At Thu Feb 28, 07:23:00 PM , Anonymous SaliWho said...

I felt it a lot here in Rusholme. I thought someone had nuked Salford.

 
At Thu Feb 28, 08:22:00 PM , Anonymous David Jockney said...

My wife and I laughed at the BBC's coverage which showed the quake extending down as far as London but curiously no farther North than Hull (apparently it was felt in Aberdeen).

We were fully expecting the headline to be "Earthquake in Lincoln,no Londoners hurt".

 
At Thu Feb 28, 10:39:00 PM , Anonymous Chris Driver said...

More 'observations on birds' reactions to earthquake': I woke up suddenly to what sounded like hail rattling against the sash windows and pheasants calling loudly in the garden.(I see someone else referred to pheasants 'singing' on the BBC website). Perhaps it was morphic resonance?
We are in Cheshire, by the way, so I wasn't imagining it.

 
At Thu Feb 28, 11:01:00 PM , Blogger Kitty Holloway said...

My favorite statement was on the BBC news last night. A girl said:

"The curtains wobbled an' that."

Shocking.

 
At Thu Feb 28, 11:17:00 PM , Blogger Brian Cleary said...

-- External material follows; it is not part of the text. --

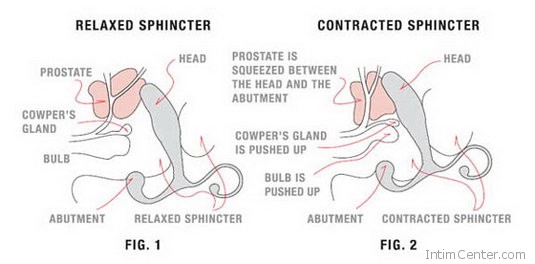 prosztata_masszirozo_a testben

Sky News really did their best to round up a couple of 'survivors'. They were showing a piece with about 8 or 9 people commenting on their lucky escape - all tame stuff really until one idiot said 'my first thought was that it was Al Qaeda'. As if Osama Bin Laden had sat in his cave with an up to date Ordnance Survey map and decided "well fcuk this for a game of soldiers I've had enough, let's blow Market Rasen off the planet". Some people (etc etc)

 
At Thu Feb 28, 11:46:00 PM , Blogger Alex said...

Tuned in to Sky News to find the poor overnight talent, obviously inexperienced in the matters of reporting such exciting stories at that time of the morning, asking viewers to send in their videos of the earthquake.

I was tempted to record a short clip of me holding my mobile still, then shaking it and going 'bloody hell what was that?', but resisted.

PS: Enjoyed the recording last night, wonder if half of the things will make the final cut :)

 
At Fri Feb 29, 08:29:00 AM , Blogger Andrew Collins said...

Glad you enjoyed it Alex - one of the maddest Banters yet.

If you want more earthquake fun, try the videos sent in by users of the BBC News website (they're on the right hand side). If ever amateur footage showed what a non-event this earthquake really was, it's these!